(JOHN BOLTON-NYPost).In less than a week, the Obama adminis tration left Israel hanging out to dry three separate times.
Media coverage of the "flotilla" incident has ignored this critical shift in US policy. But it's a safe bet that America's adversaries, especially the terrorists, understand it all too well. Worse yet, President Obama's visible discomfort in defending hard-pressed US interests around the world is only growing -- with implications America hasn't experienced since Jimmy Carter's presidency.
Let's recap the Obama "defense" of Israel.
First, in the UN Security Council, the administration succumbed to the rush to criticize Israel in a statement that, albeit watered down, nonetheless greatly intensified international pressure on Jerusalem. The correct approach was to resist the diplomatic peer pressure and bar any council action until tempers cooled and more facts were available -- meaning at most a day or two's delay. This America could easily have done. Failure to withstand the short-term heat only feeds the impression of White House weakness, and will come back to haunt us.
Second, at the UN Human Rights Council in Geneva, America, joined only by Italy and the Netherlands in dissent, overwhelmingly lost a vote to establish an international investigation of the Gaza incident. Even as the Obama administration touted its success preventing a Security Council investigation, it was losing precisely the same issue in Geneva -- demonstrating why concessions in New York did absolutely nothing to stem the anti-Israeli tide. So much for Obama's idea that he could reform the palpably illegitimate Human Rights Council by having the United States rejoin it.
Third, just a few days previously, at the Nuclear Non-Proliferation Treaty review conference, the United States joined the consensus on a statement condemning Israel (which is not even a party to the treaty) and its nuclear program, while failing to condemn Iran, an NPT signatory that has been happily violating its treaty obligations. After the vote, National Security Adviser James Jones condemned the reference to Israel, utterly overlooking the fact that the Obama administration could readily have blocked it.

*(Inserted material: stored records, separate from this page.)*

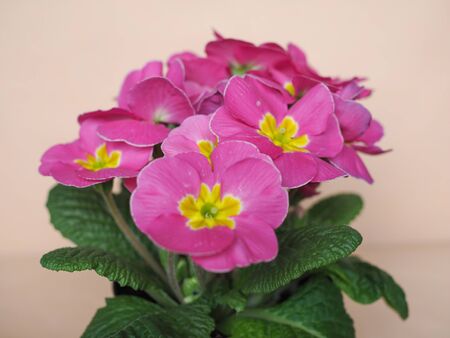 Pink Primrose flower of Primula vulgaris plantの写真素材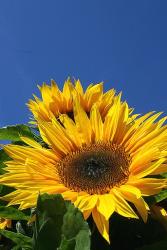 sunflower face.jpg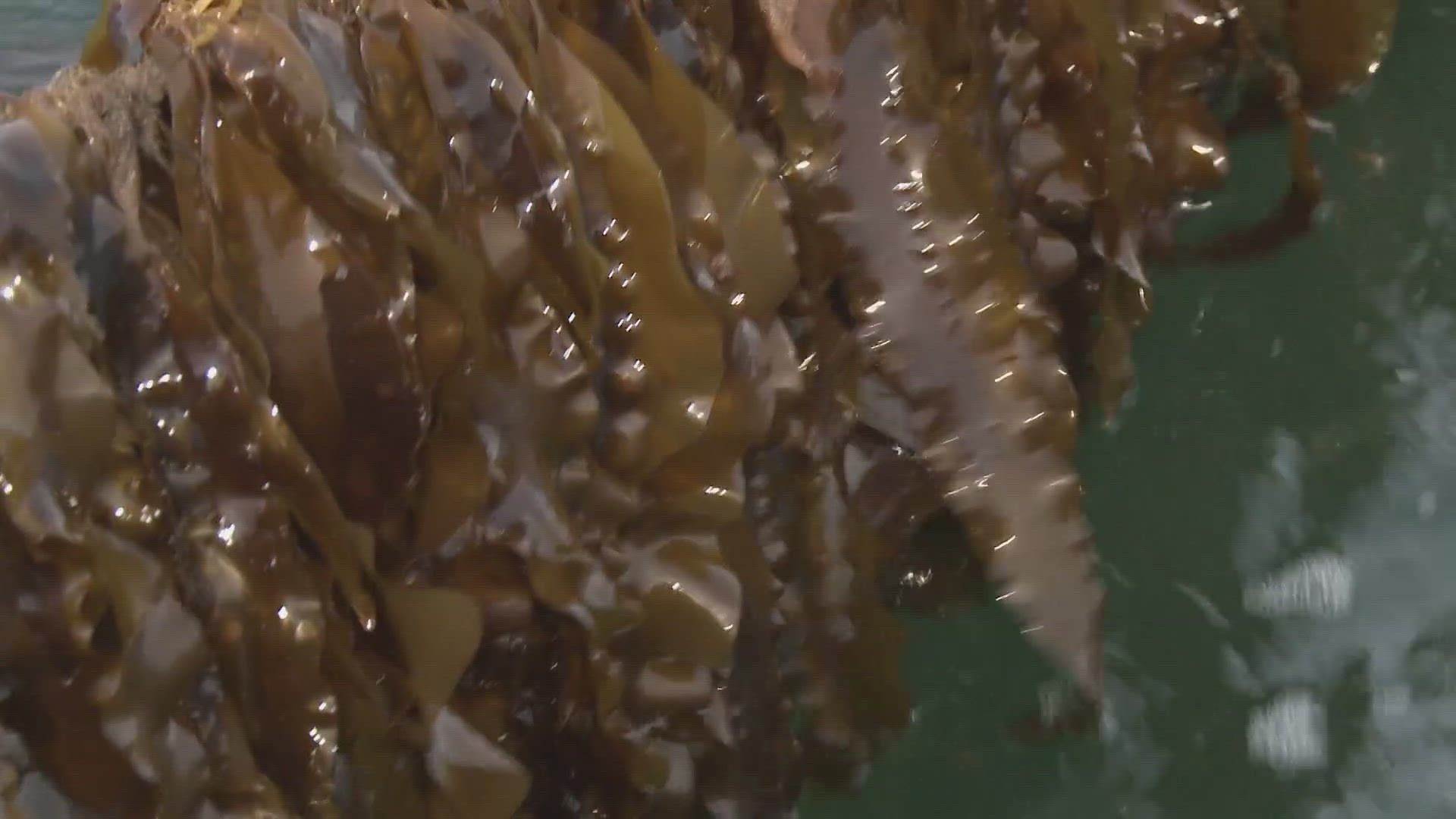 The conference in Portland is expected to welcome more than 300 people from all around the world to talk about how to grow the seaweed industry.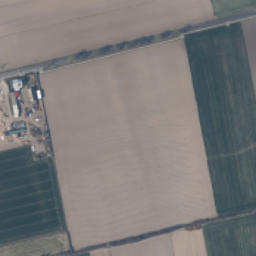 Satelita
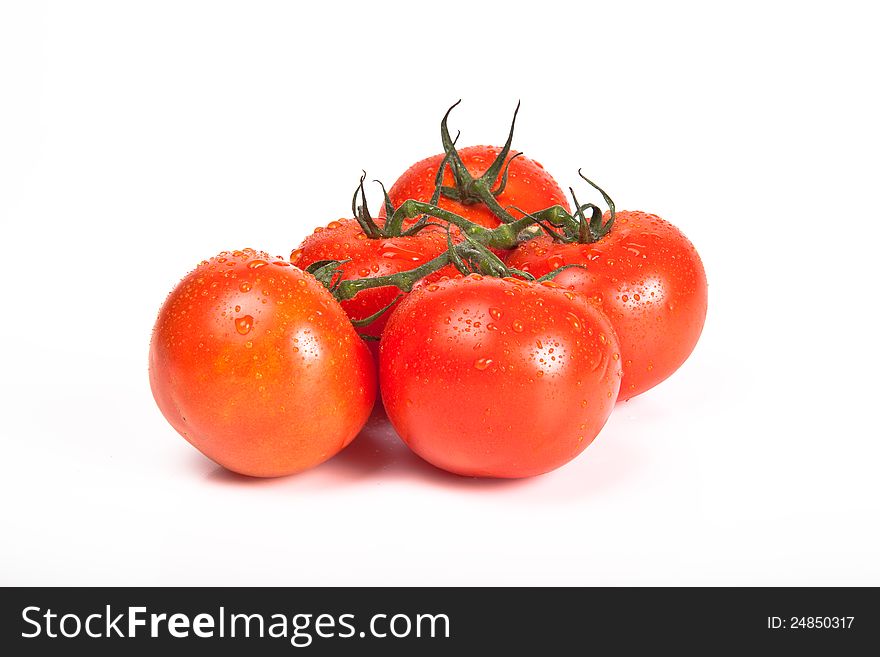 Tomatoes with water drops isolated on a white. Tomatoes with water drops isolated on a white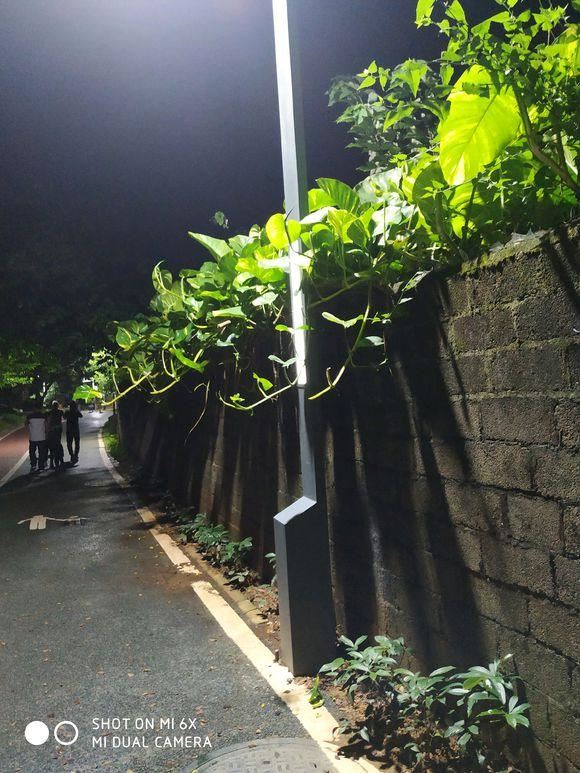 参天大绿萝,一片叶子比脸大,长了足足3层楼高! 参天大绿萝,一片叶子比脸大,长了足足3层楼高!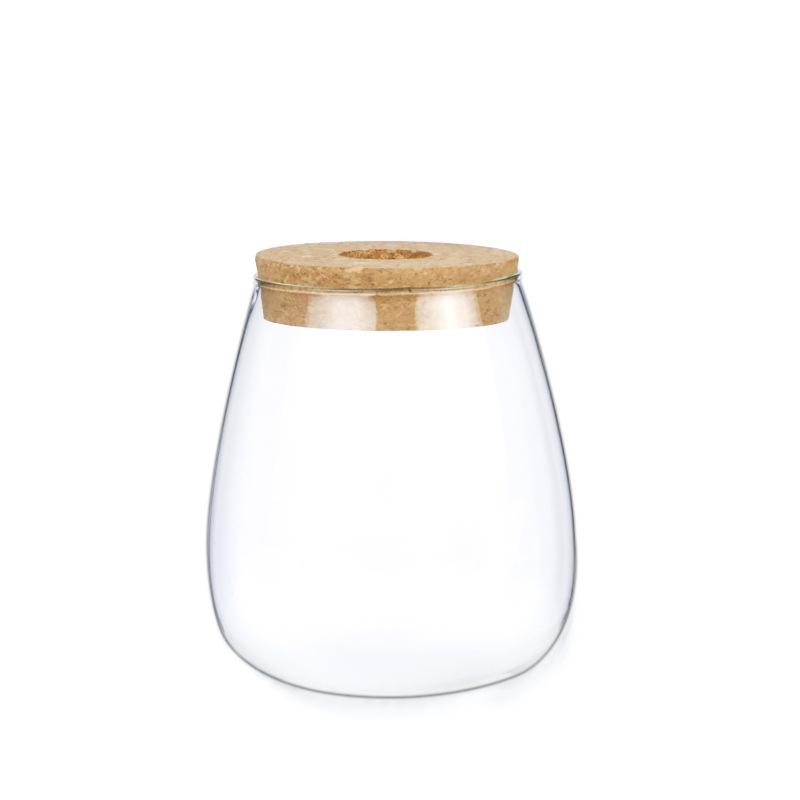 Mini Glass Flower Pot for Indoor Plants - Hydroponic Ornament with Moss Landscape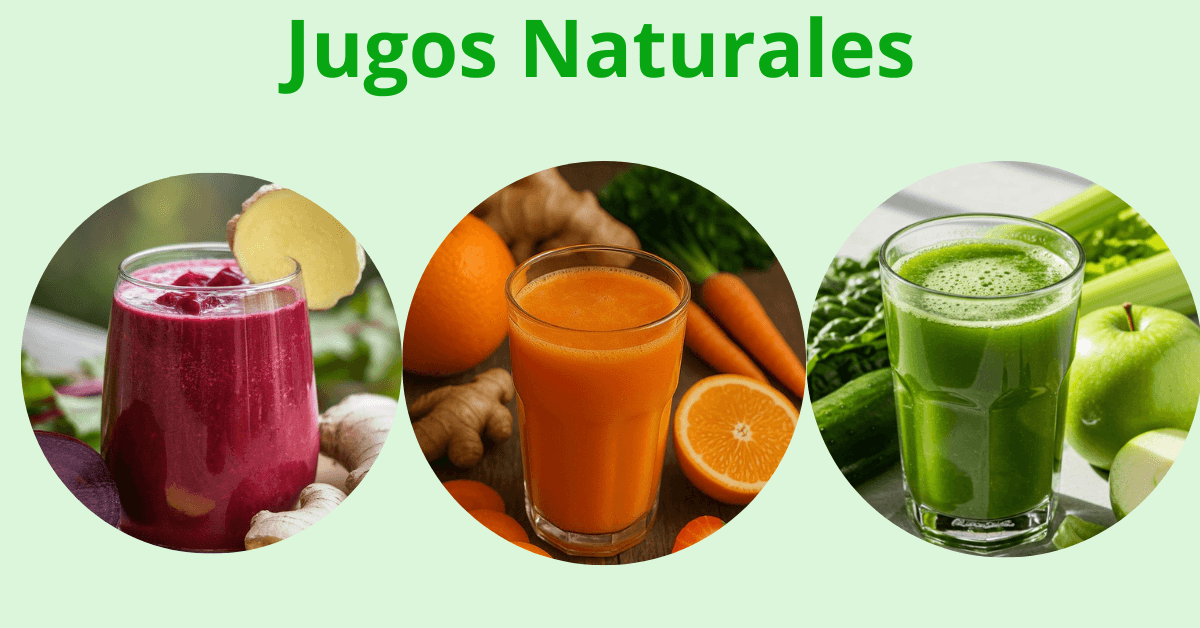 Libro digital recetas para celíacos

All three cases demonstrate deep-seated White House weakness. It would be a stunning admission of administration incompetence if diplomats in three separate venues had made these decisions entirely on their own (although that does happen too often at the State Department). Instructions to the US negotiators in all three likely came from either Obama or Secretary of State Hillary Clinton, so there is no dodging White House responsibility here, or the unmistakable pattern it represents.